Aquel tipo oriundo de Andernach, que gozaba de la bebida de los guerreros, de los locos, de los sin esperanza, y sobre todo de los segundos y los últimos, ese mismo que en sus textos aconsejaba a su manera, ese que nació en el octavo mes, así como un servidor cuyo nombre quizás sea olvidado.
¿Octavo mes dije?, ¿qué significa el número ocho en una infinidad?, más aún si en una no significa nada más que un punto, en dos de estas masas de incontabilidad que se fusionan, ¿qué es cualquier cosa, sino un punto?, ¿yo?, un punto, aunque móvil, pero un punto a fin de cuentas.
En esta noche, madrugada temprana, mañana no concebida, o, de no ser esta, en cualquier otra, nada cambia, sino el tiempo, gotas de nada que contadas con vehemencia por cualquiera resuenan con el inaudible clamor de su inalterable lema de seis letras y un espacio intermediando a éstas, tic toc, tic, toc.
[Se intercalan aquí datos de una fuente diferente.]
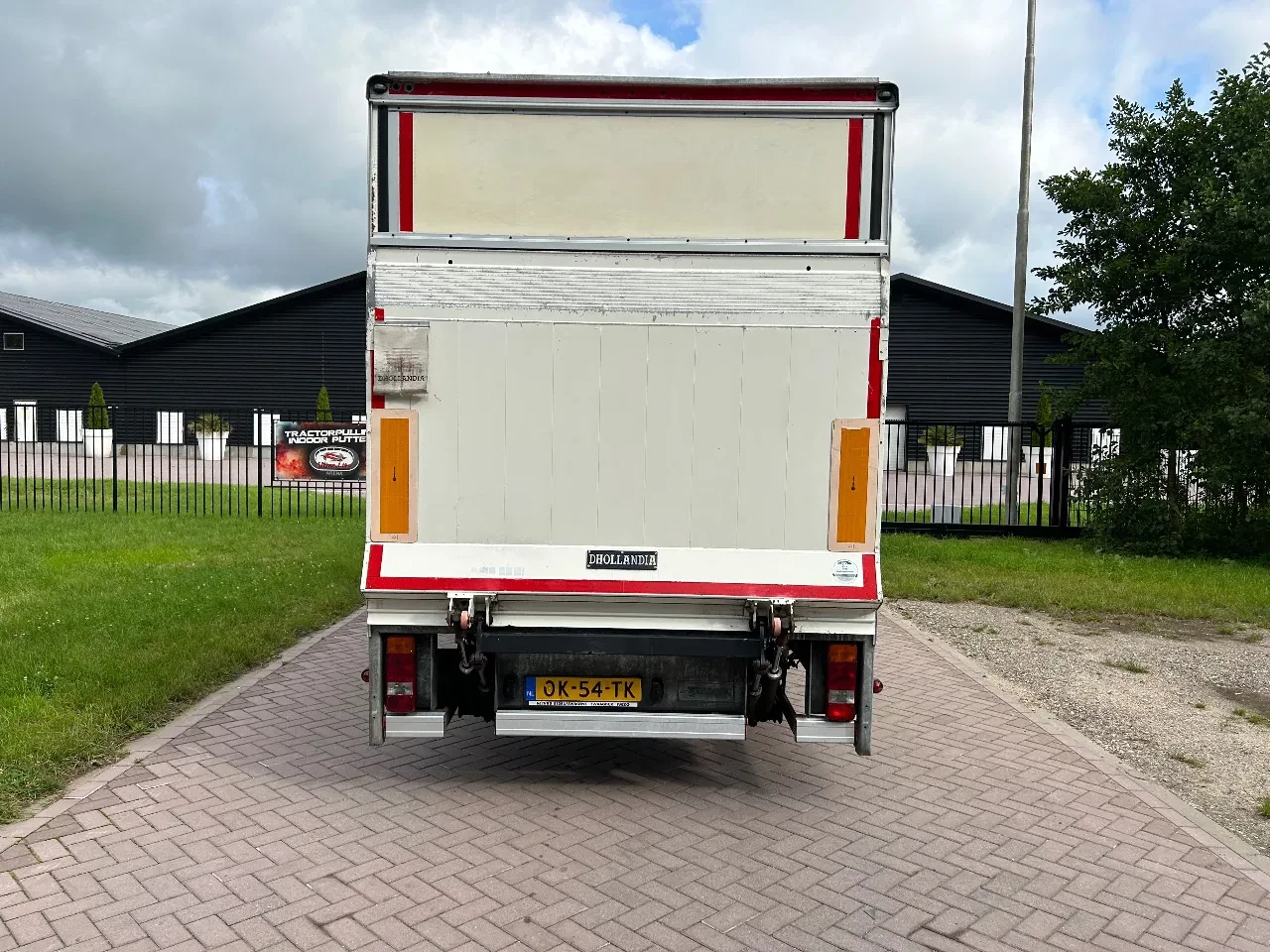 Veldhuizen 2009 - Be oplegger gesloten 5480 kg met met laadklep 1000 kg imagen 7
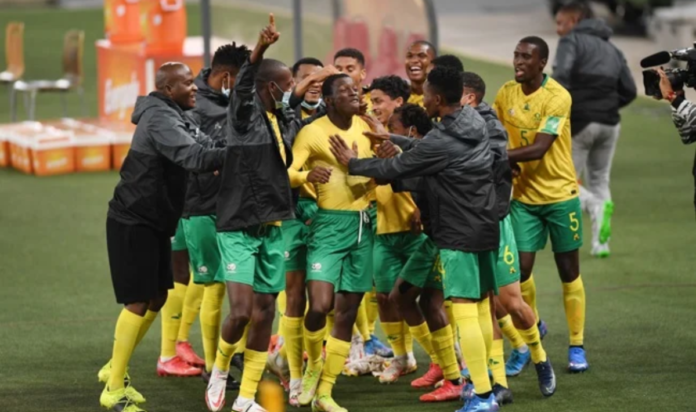 Bafana Bafana held by neighbours Namibia at Orlando Stadium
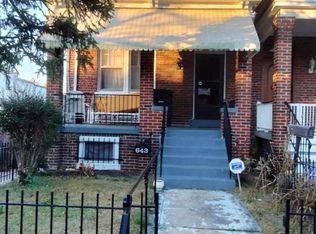 643 Farragut St NW, Washington, DC
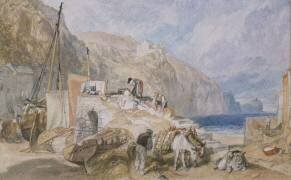 Combe Martin (Joseph Mallord William Turner) - Muzeo.com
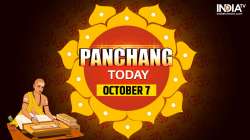 Aaj Ka Panchang 7 October 2022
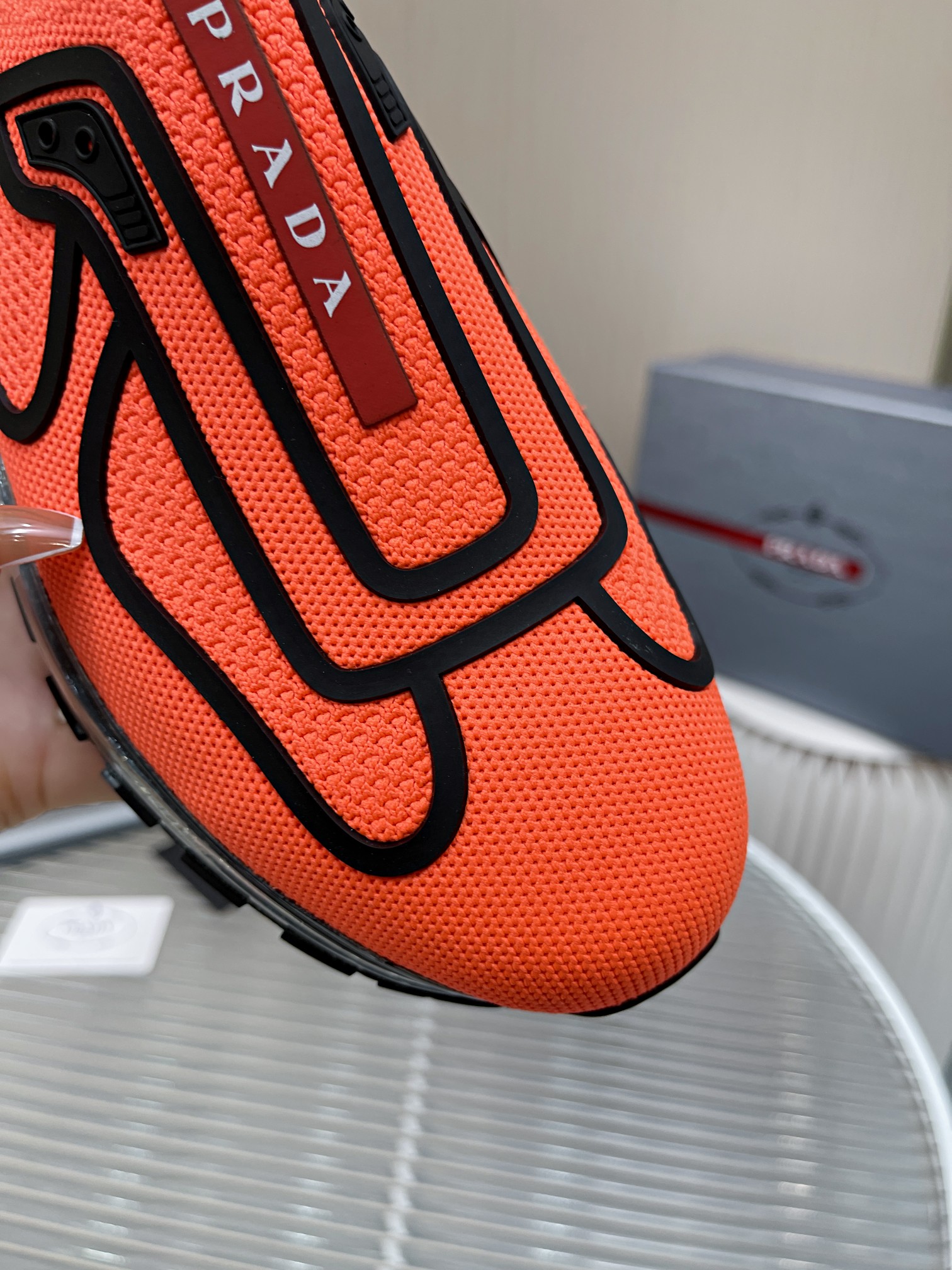 Men Women P*rada Top Sneaker ( )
Una carrera contra la sombra de algo que no está ahí, la sombra de la mismísima nada, algo ilusorio, verdaderos demonios para algunos, ángeles de filípicas guías santas para otros, mas intrascendencia hecha cadenas de aire para mis ebrios sentidos, adornando paredes y personas, grilletes que deseamos colocarnos para martirizar nos dulcemente al oír el clamor que emiten.
¿Quién disfruta de una prisión?, es una cuestión sumamente sencilla, quien no sabe que es prisionero, nuestros hogares son prisiones de las que salimos cuando queremos, las prisiones normales son inescapables por norma y convenio, pero el tiempo, es la mayor prisión que existe, no llegar a tal o cual evento del día, deseando que el tiempo sea menos tirano.
Si las agujas del reloj fueran agujas realmente, lograrían cocer mas tiempo, pero no lo son, son tijeras, cuchillas sin filo separando lo inseparable, dividiendo lo indivisible.